Let me make a case for Phabricator, see https://www.phacility.com

We use Phabricator at work for a pretty large code base for about one and a half years now, and we truly appreciate it. It offers most (all?) of features that we are going to move/replace, and is completely free (as in speech and beer).

Foreword: At work, I was searching for a code review systems (just for our department). We still use SVN, so git-only systems were not qualified. Precisely I looked at Phabricator, ReviewBoard (at that time used by KDE), Rietveld and Crucible. Other features, such as Wiki or Project Management, were not looked after since we had company-wide solutions in place already (though in hindsight, I would argue that Phabricator is better than those).

Phabricator came about as the most promising choice and we went for it. Since then I also maintain our Phabricator instance, so I also know about the internals (how to backup, upgrade, etc.). In the meantime, KDE also switched to Phabricator and is pretty happy. I think that a huge project as KDE is using it successfully is quite telling.

Phabricator uses itself for ongoing development, so you can have a look at Phabricator on their live instance: https://secure.phabricator.com/. You'll also see that the development is really active, even though it's basically a two-man project.

Phabricator is a commercial project, but it has no commercial edition. That means the developers make a business from it, but only by the means of paid development for features that go into the open, hosting services and consulting. Phabricator itself is fully open source (no open core).

Features:
* Repository hosting including a decent source code browser.
* Excellent code review
* Code auditing (post-commit review)
* Bug tracker
* A Wiki
* Email notifications, for example when someone requests a code review for a code area of your interest (can be used to implement subsystem maintainership) * Lots of authentication options, including local username/password, google, facebook, amazon, github accounts and more.
* A REST-API for client access (json parsing yay)
* A local tool to interact (so push/pulling doesn't require the web interface), the tool uses the above REST Apis.
* Advanced ACL rules (we probably don't need that)
* Methods to run static code analysis and linting as part of the code review process.
* Per-user dashboards for tracking activity.
* The modules have cool names, often emphasizing the "Ph"
* Many more that I don't have discovered yet.
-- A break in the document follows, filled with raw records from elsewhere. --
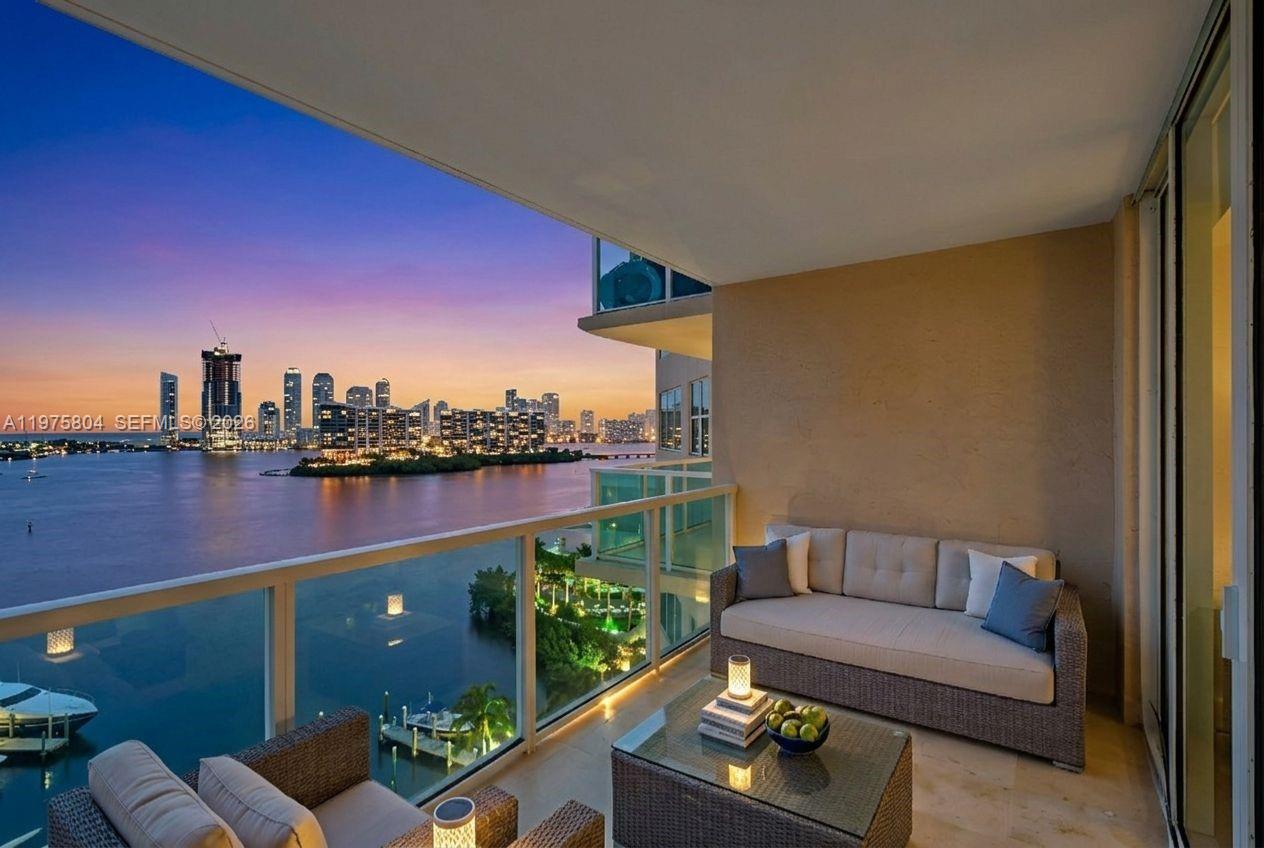 Breathtaking 12th-floor residence at the prestigious Aventura Marina II, offering sweeping, unobstructed 180° views of the Atlantic Ocean, Intracoastal Waterway, and city skyline. Spanning an expansive 2,020 SF, this split-floor plan features a versatile den that can easily convert into an open flex space or a spacious 3rd bedroom. Designed for maximum privacy, the generous bedrooms are situated far away from one another; both offer massive walk-in closets and large en-suite baths with dual sinks, living almost like a dual primary suite setup. Fully reimagined for modern living, this is a fully integrated smart home—every outlet, light switch, fan, and chandelier is wired to Wi-Fi for seamless remote control. The open kitchen features granite countertops and ample cabinetry. Enjoy resort-style amenities: 2 pools, state-of-the-art fitness center, 24-hr guard-gated security, valet, yacht club, and on-site boat docks. Minutes from Aventura Mall, fine dining, beaches, and major highways. Click "View Virtual Tour" for your interactive lifestyle concierge. Explore everything!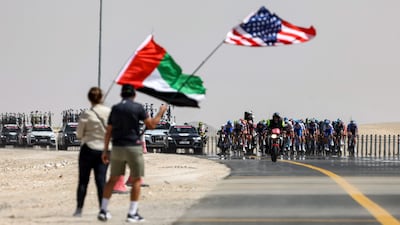 Race fans wave flags as the peloton approaches. AFP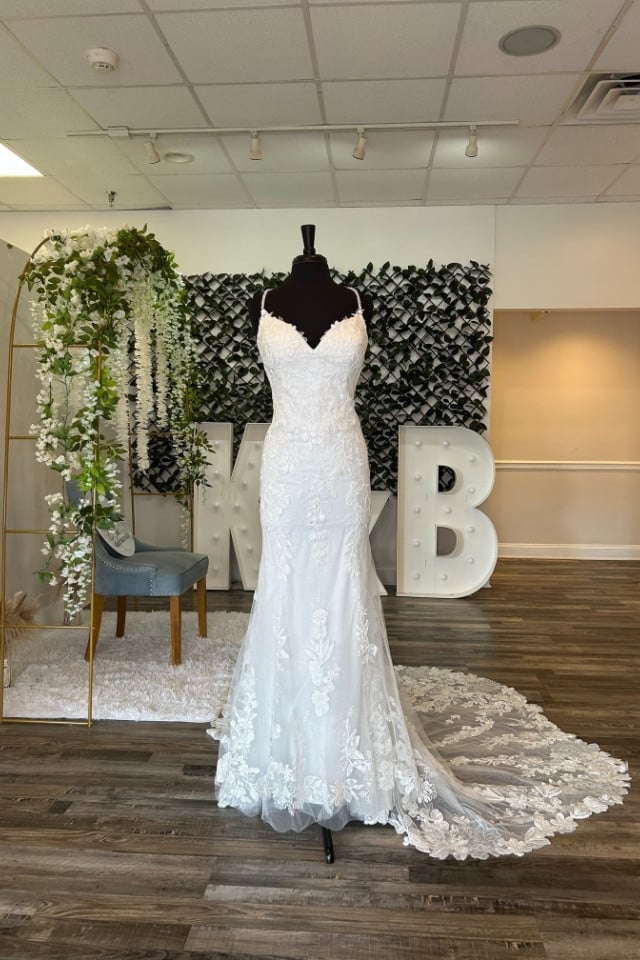 Page Updates & Announcements Floral lace wedding gown with spaghetti straps and sheer lace train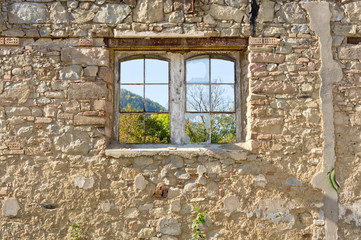 Vieille fenêtre sur un mur en vieilles pierres donnant sur un jardin
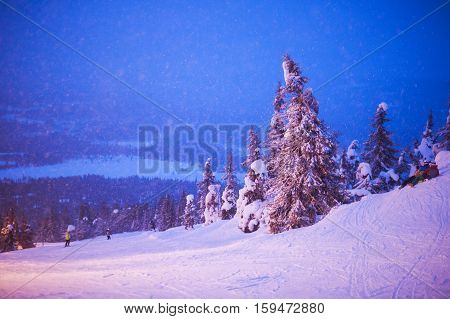 Beautiful cold mountain view of ski resort, winter day with slope, piste and ski lift, evening twilight night picture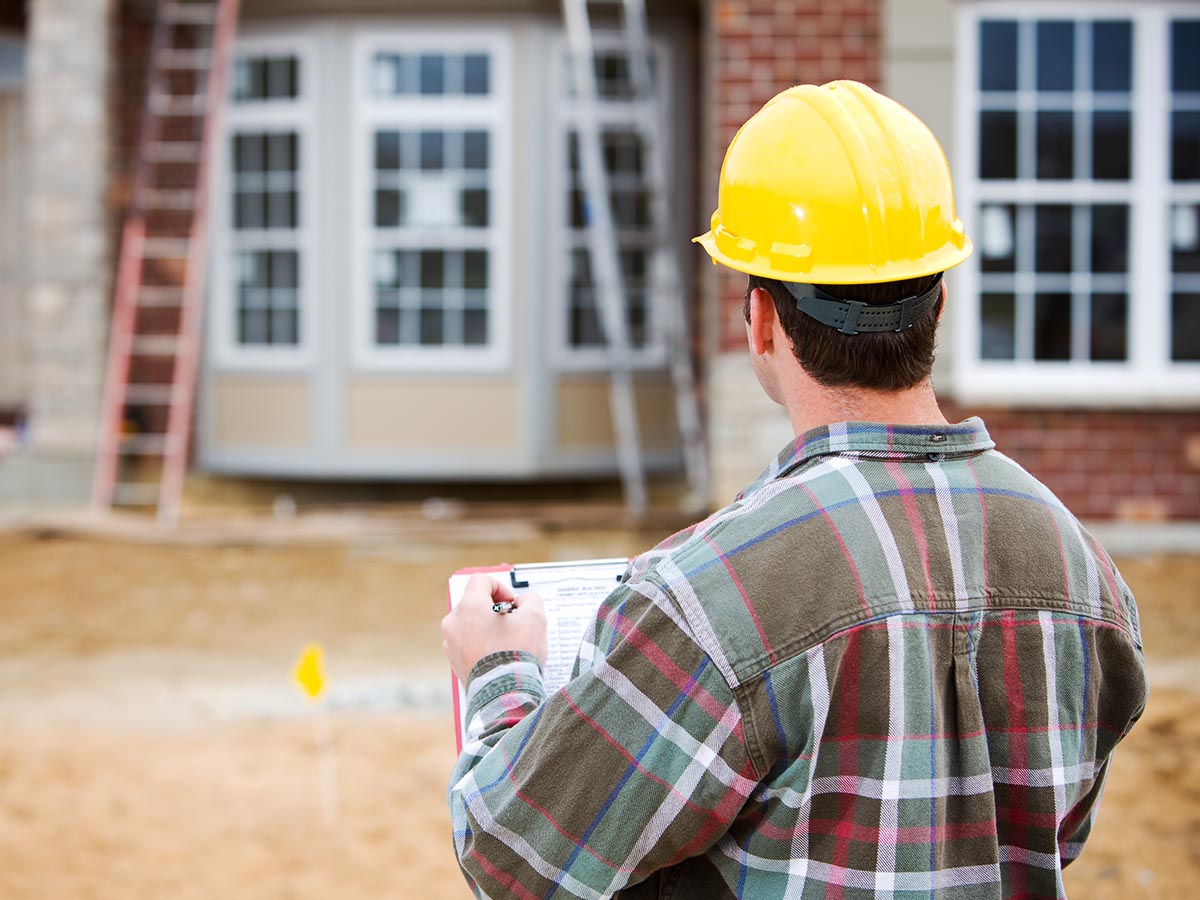 Home inspector inspecting the outside of a new construction home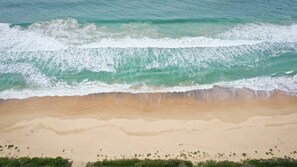 A beach with waves approaching the shore. - Sandy Shores, Serenity Resort (Diamond Beach)
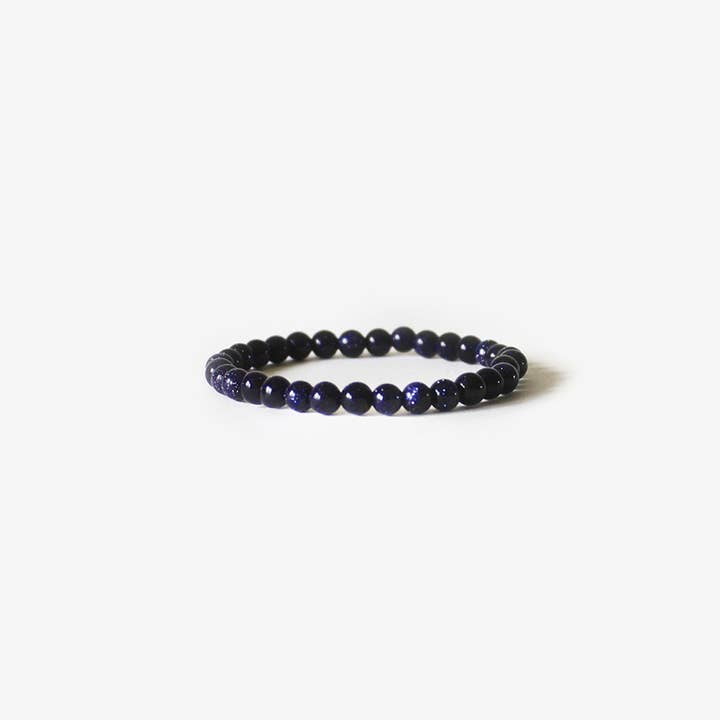 The Earth Bracelet - Blue Sandstone by BRANCO features polished, dark blue round gemstones arranged in a circle and is shown on a plain white background.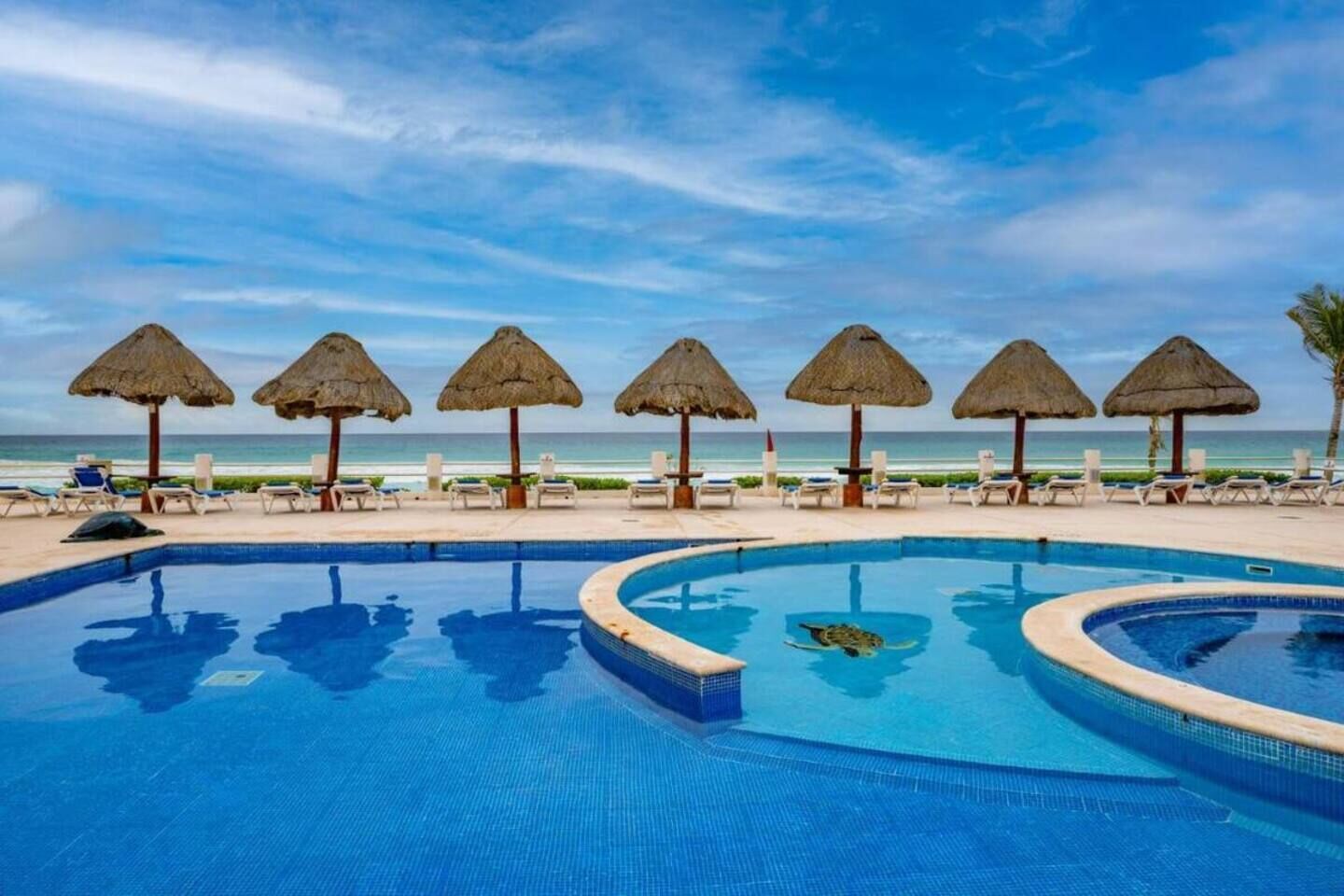 Uma piscina com borda circular, rodeada por espreguiçadeiras e guarda-sóis de palha, com vista para o oceano.
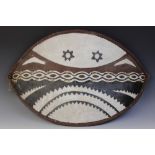 An East African Masai tribal art painted hide shield, 76cm long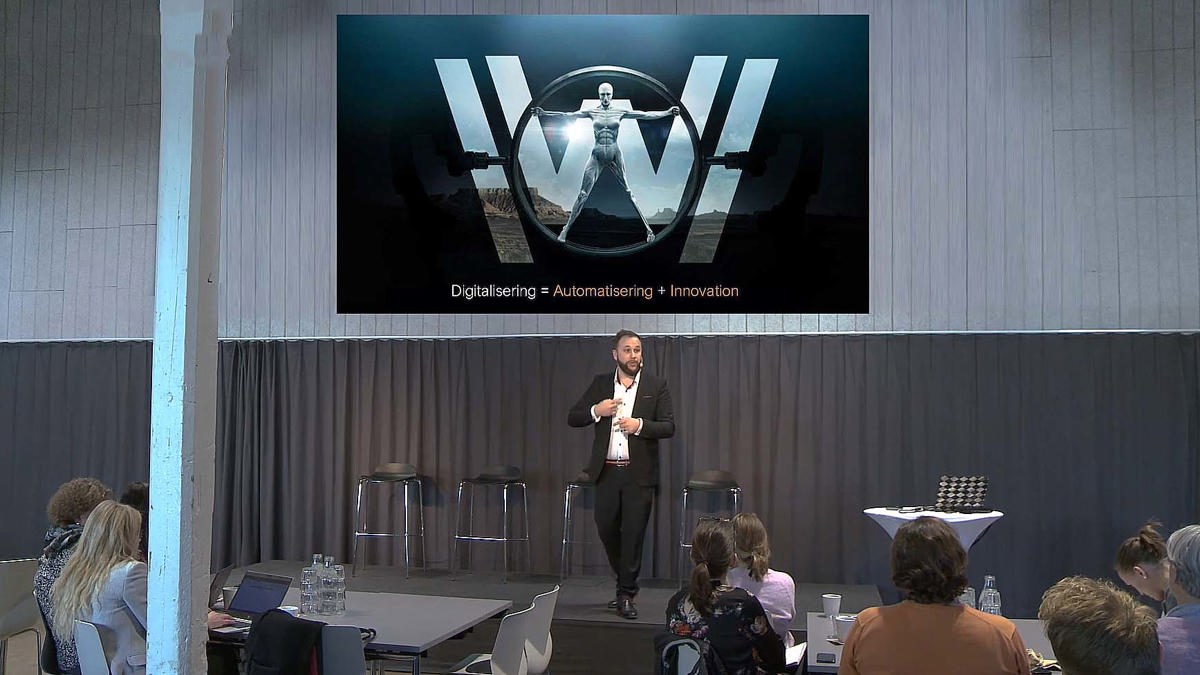 Person i seminariesituation iförd mikrofoneheadset stående framför ett mörkt draperi.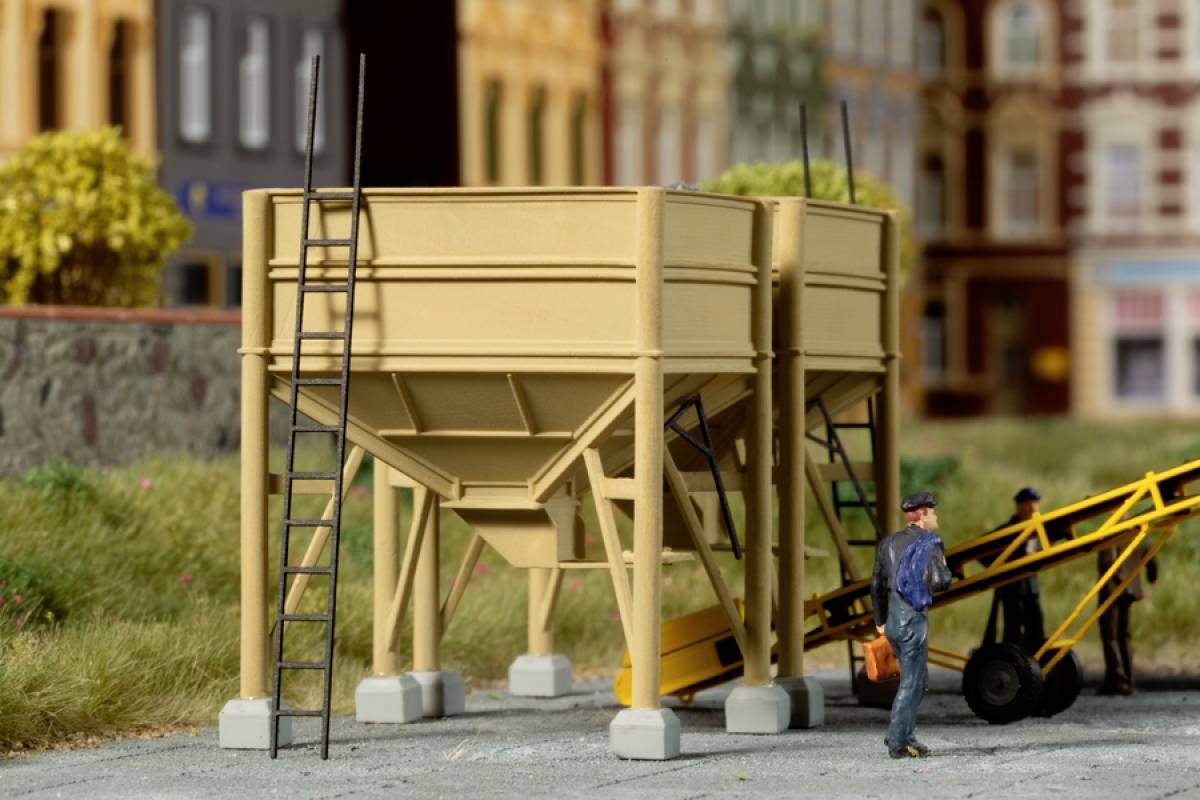 Two grain silos with ladders stand on a yard. A worker wearing a cap walks beside them. Buildings are visible in the background.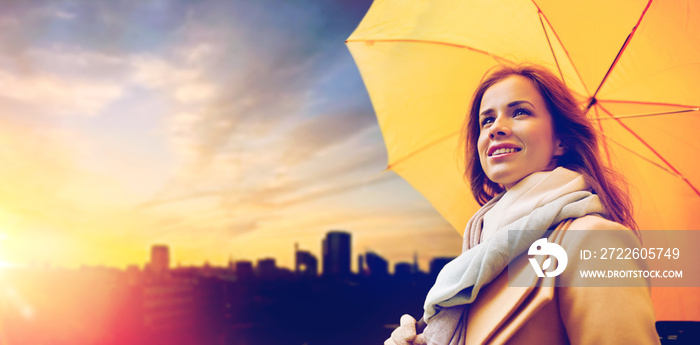 season, weather and people concept - beautiful happy young woman with yellow umbrella over sunset in autumn city of tallinn background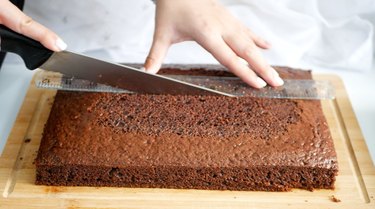 cutting the chocolate cake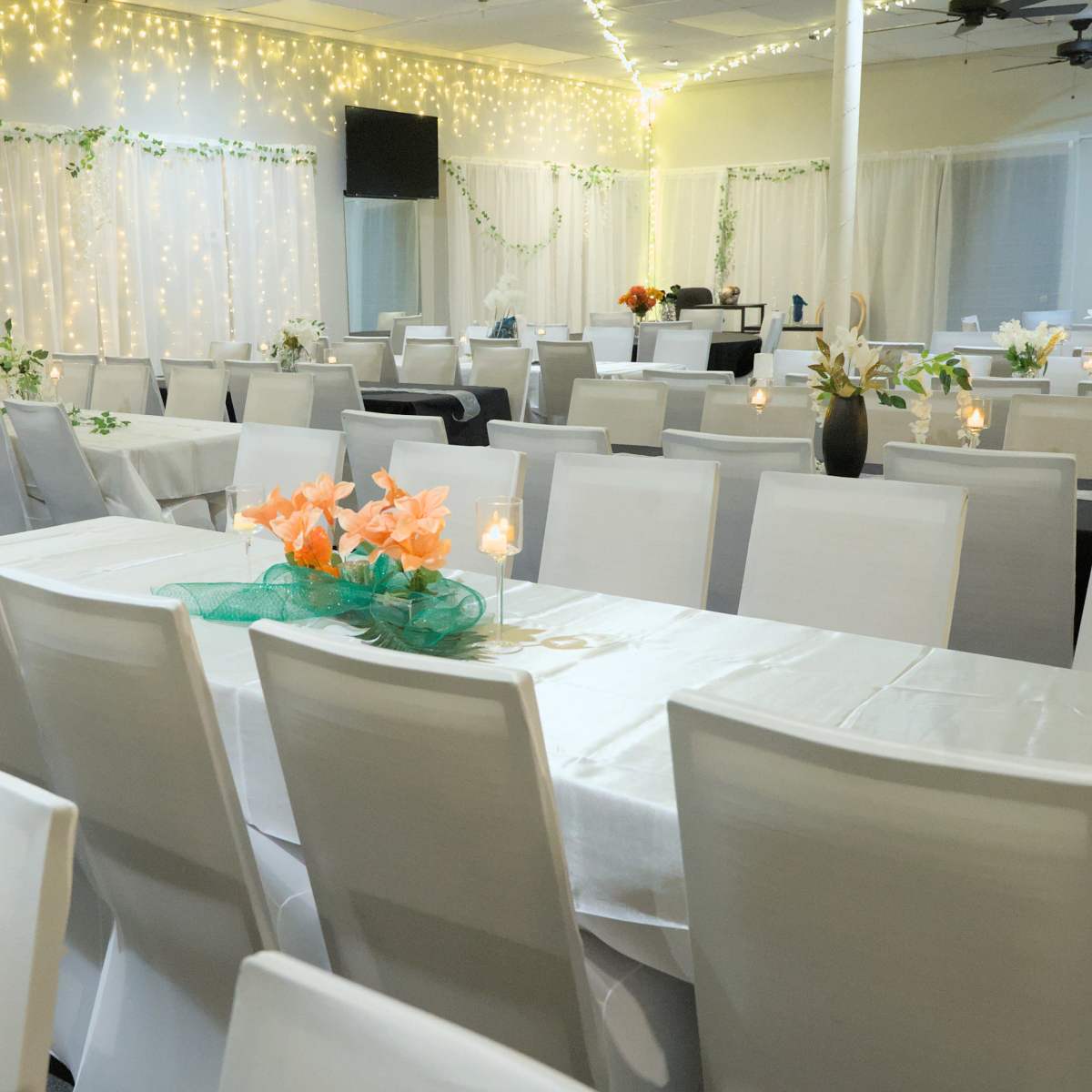 A banquet hall set with white tables and chairs, decorated with flowers and soft lighting.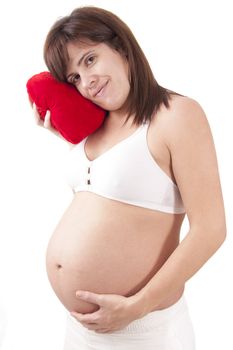 Pregnant woman hugs her belly
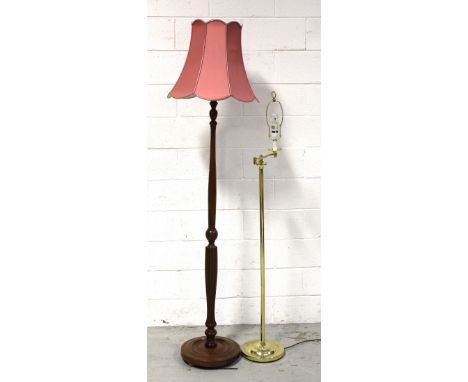 A reproduction mahogany standard lamp with turned and reeded column, height 58cm and a contemporary brass example (2).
Additionally it has simplistic build system support. It doesn't have a complete build system solution but it has a module to trigger builds externally, wait for completion and retrieve results, which will be displayed in the code review or source code browser. This way we can support building non-master trees, such as feature branches or individual code reviews (this was always on our TODO, right?)

Please go to https://secure.phabricator.com/ and have a look how it works in action.

I wholeheartedly recommend Phabricator, as both a user and administrator. Github is can't compete with most features and is closed source too. I don't know Gitlab really much, but it always looked like a Github clone so it wasn't of interest to me.

On Phacility, they can set up a 30 day trial to see how it works. Afterwards we can leave Phacility and host Phabricator somewhere, so it's free for us. I would volunteer to administer / maintain the instance but I don't own server that is fail-safe or has a backup plan.